Q&A: It's crucial for organizations to value their data, says Larry Ponemon

Healthcare records "substantially more valuable than other types of records"
By Tom Sullivan
09:18 AM

Three out of five healthcare organizations are not allocating enough resources to protect patient data – and among the reasons is a simple fact that the industry has no way to place a value on that information.

That’s according to Rick Kam, president and co-founder of ID Experts, which sponsored the Ponemon Institute’s third annual benchmark "Study on Patient Privacy and Data Security," published on Dec.6. 

Prior to the report’s release, Government Health IT Editor Tom Sullivan spoke with Kam and Ponemon Institute Chairman Larry Ponemon about the survey's alarming statistics, the potential dangers of criminal social-engineering and why healthcare as an industry is so far behind in terms of safeguarding data.

Those reasons, it turns out, go back even further than most health IT professionals might imagine.

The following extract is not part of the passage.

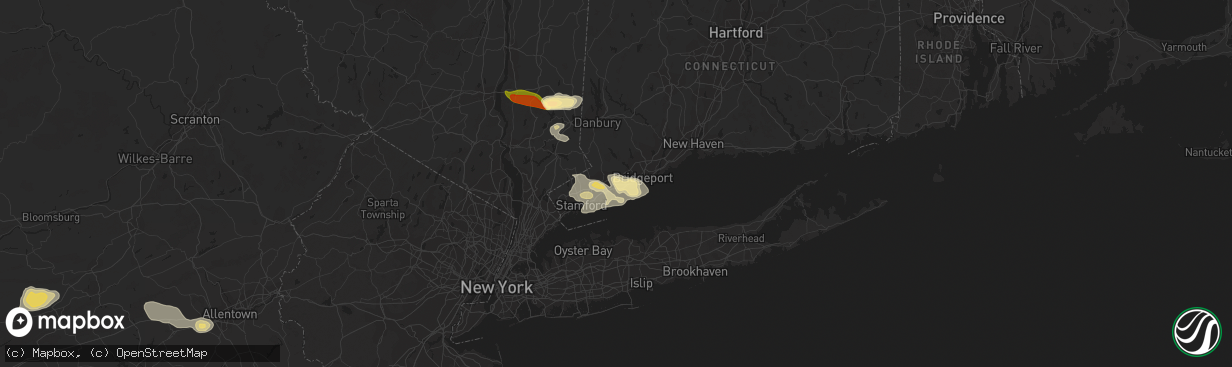 Hail map in Westport, CT on September 6, 2014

Q: The staggering figure in this report is that 94 percent of healthcare providers have had at least one breach in the last two years — given how difficult it can be to tell whether breaches result in medical identities actually falling into the wrong hands, do you have a sense for what percentage of breaches actually expose personal health information (PHI) to criminals?

Ponemon: If you look at our data, we try to understand as best we can the root cause of the data breach. The majority of the events involved a negligent insider, an employee for instance, so ultimately the probability of a lost laptop ending up in the hands of a cyber-criminal is remote. It could happen but it’s not a high-probability event.

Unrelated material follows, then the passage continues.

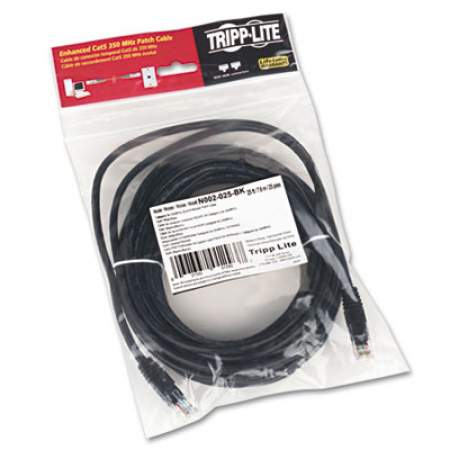 Tripp Lite Cat5e 350MHz Molded Patch Cable, RJ45 (M/M), 25 ft., Black (N002025BK)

We also have root causes that are connected to malicious or criminal activity, and we believe those are the types of activities that would result in actual data and medical identity theft. In terms of the percentage, we report about a third of all cases fall into the category of criminal but even in those cases it’s not exactly clear whether that information will result in a medical identity theft. We can make the case that there’s probably some of these – why make an attack if there’s not value in the information? – but you can’t assume that everybody is a victim. That’s true of data breaches across the board.

[See also: Healthcare data breaches on the rise, with potential $7B price tag.]

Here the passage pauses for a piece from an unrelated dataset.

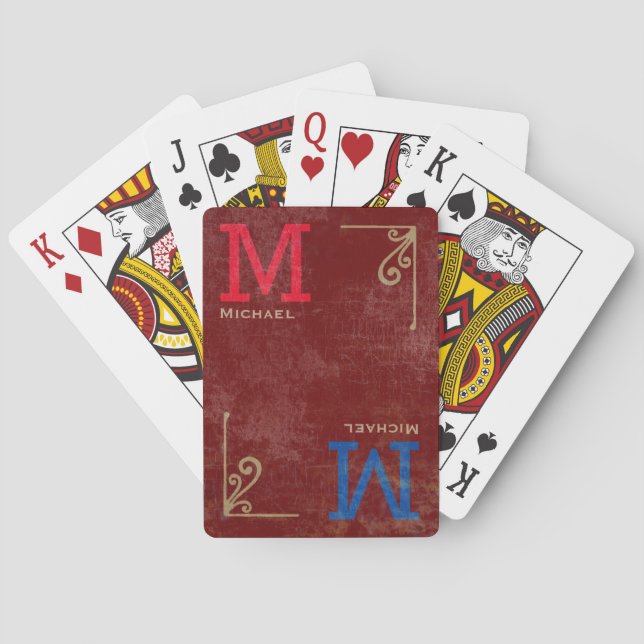 elegant dark-red monogrammed playing cards (Back)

Q: Earlier this week, ADP put the word out that it was breached by an employee who illegally accessed health data, then exposed it to a theft ring suspected of tax fraud. Is this something you expect to see more of? Will these crimes be smaller or bigger?

Kam (pictured at right): In many of the cases that we work on it's somebody who has trusted access to the system either gets human-engineered by a criminal to give them the data or access keys, or some variation on that theme. It’s very unfortunate. Just like in the financial services industry, the reason why it’s illegal for employees to publish their work email addresses on social networks is because they’re targeted by criminal social engineers because they want to find them and compromise them somehow.

Q: So why aren't health organizations allocating enough resources, IT, expertise to data security? I’ve heard more than one seasoned health IT veteran make the argument that the industry is two decades behind others when it comes to basic data encryption.